I work as a software engineer and the product I work on displays an EULA the first time it starts. Due to the nature of the job, we have to reinstall it on a somewhat regular basis - so this happens fairly frequently.

The software, however, will not function if the license has not been accepted (no surprise there). This means I have to accept the license in order to do the job.

Then, under these circumstances, is my acceptance of the software EULA considered legally binding?

Edit for clarity: I develop the software whose EULA is in question, and I am directly employed by the copyright holder of said software (and the second party to the EULA). I'm not concerned about anything nefarious happening (I wouldn't stay very long at a company where I feel like I have to watch my back) - this was simply a matter of curiosity that struck me this morning while I was reinstalling an instance of the product.

2 Answers 2


The question is a bit sparse on relevant details, but yes, a EULA is binding, even when you agree in the course of employment. It may not be you who is bound, though. In case 1, you install a program at word to do something, the EULA says "don't copy any of these files", you see a cool file and decide "Neat, I'm taking a copy home. I can do this because I installed the program at work and am not bound by the EULA". Wrong. Case 2: you are installing software on behalf of a customer. It's not you that is bound by the EULA, it's the customer. Case 3: you work for the company that develops the software and holds the copyright, either fixing bugs or testing the security of the system by trying to crack it. In that case, you have special permission from the copyright holder that overrides whatever restrictions would normally from from the EULA. I don't know if that covers the kind of case you are concerned with. To reduce the matter to a simple sentence, just because you agree to something in the course of a job does not mean that the agreement is invalid.

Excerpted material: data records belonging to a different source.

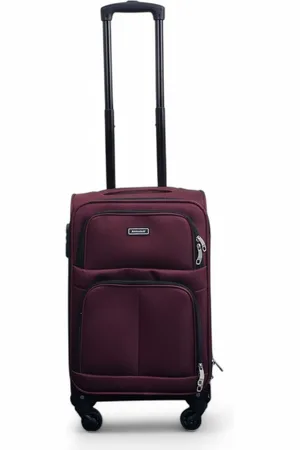 Infinity Unisex Soft Shell Lightweight Cabin Suitcase 55 x 33 x 21 cm Luggage Suitable for Easyjet, Ryanair - - Size Small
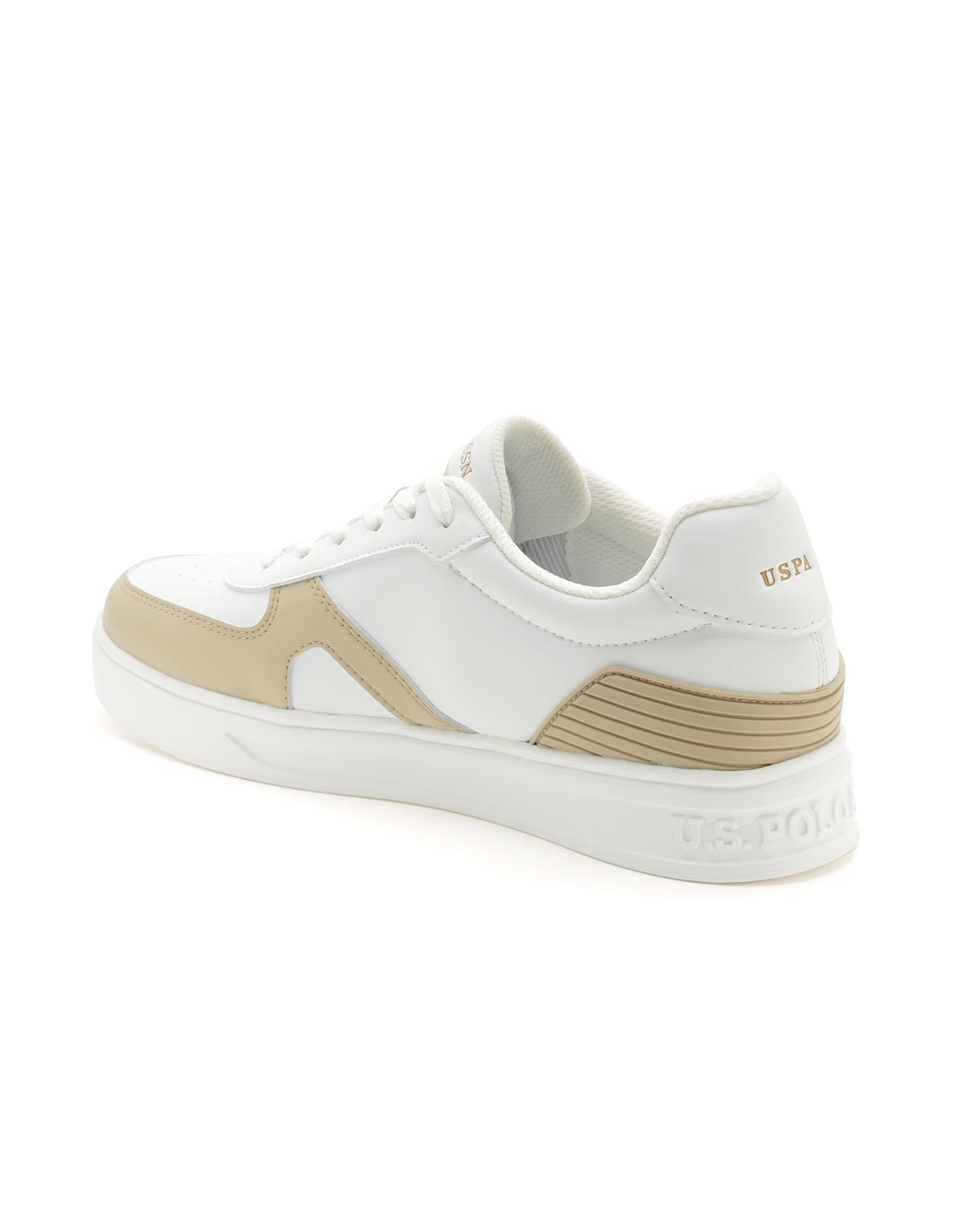 Men Nebo Colourblocked Sneakers Beige - U.S. Polo Assn. India | Large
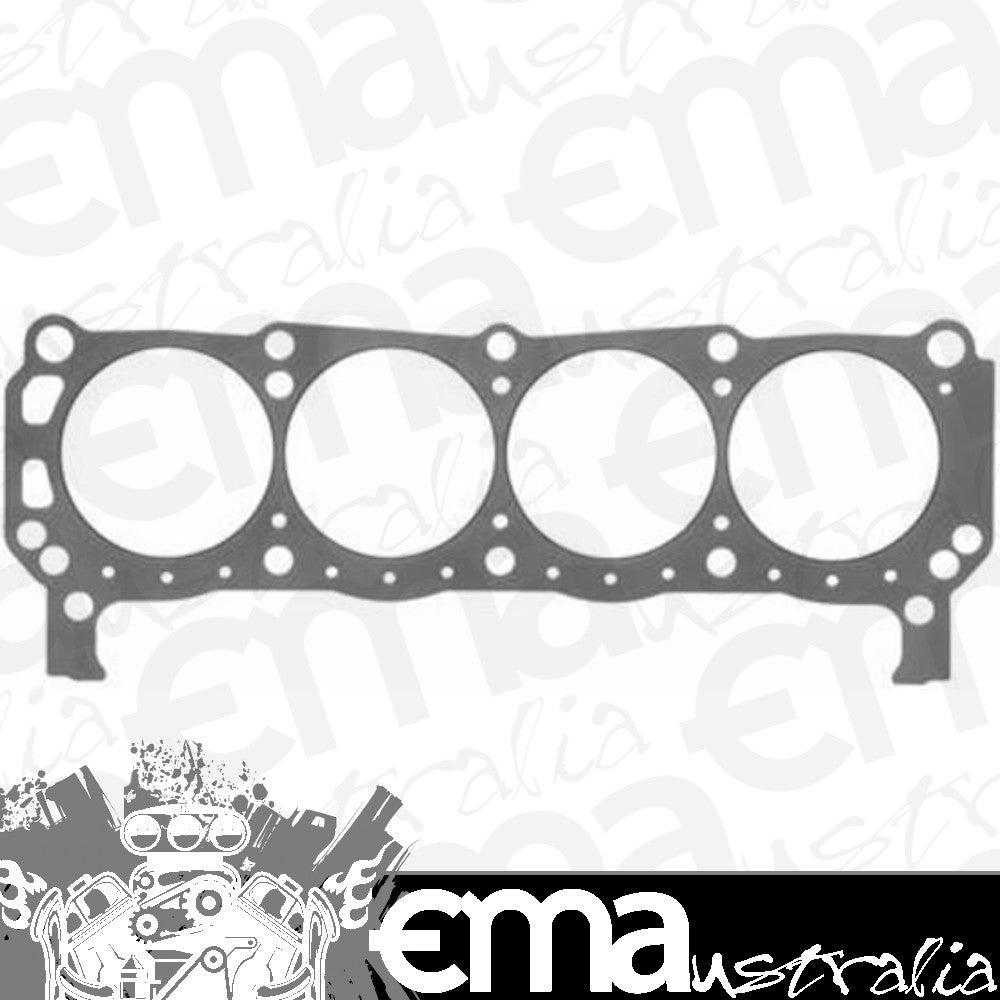 Fel-Pro Gaskets FE17060 Marine Stainless Core Head Gasket Suit SB Ford 289-302-351W, 4.080" Bore, .049" Compressed Thickness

If you are the QA (Quality Assurance) engineer at your company, whose job it is to test that the "Accept" and "Reject" buttons for accepting the EULA of your company works, then by pressing these buttons you are not accepting or rejecting the EULA, but you are testing that the buttons work.

Imagine you were a web developer for a company selling cars, and the website allows customers to order cars by clicking on the right buttons. And you have to make sure that these buttons work. When you as the developer of the website or as the QA engineer click on the "buy" button you are not buying a car, you are developing and testing the website.

Obviously this is a very special situation.